怒涛のヒットを飛ばし続けるBorderlandsシリーズが3作目を世に放ち幾分か時間が経ちました。いつかはプレイしようと思っていましたが、年末のセールで安くなっていたこともあり年末年始の休暇でBorderlands: The Pre-Sequelをがっつりプレイしてみました。
今作もBorderlands独特の世界観を崩すことなく新しいプレイスタイルを確立しているなど、しっかりと練りこまれていると感じるBorderlands: The Pre-Sequelをネタバレなしでレビューしていきます。
DLCベースのゲーム
Borderlands: The Pre-SequelはもともとDLCとして開発された経緯があるため、ナンバリングタイトル(初代と2)のようなストーリーがぎっしりと詰まったゲームではなくなっています。

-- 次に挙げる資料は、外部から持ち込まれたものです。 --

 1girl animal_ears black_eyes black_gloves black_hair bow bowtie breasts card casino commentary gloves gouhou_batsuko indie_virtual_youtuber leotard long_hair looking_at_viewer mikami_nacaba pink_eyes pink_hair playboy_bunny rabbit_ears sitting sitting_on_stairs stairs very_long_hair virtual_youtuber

同じようなクオリティを期待するとがっかりすると思いますが、Borderlandsの世界観を崩すことなく綺麗にまとめあげられている完成度になっています。
簡単に言うと、ストーリーとマップのボリュームが少ないBorderlandsという感じでしょうか。このため、フルプライスで買うには勿体ないと感じる内容ですが、発売からある程度経過していることもあり、セールでさらに安くなった今が適正価格だと個人的に感じます。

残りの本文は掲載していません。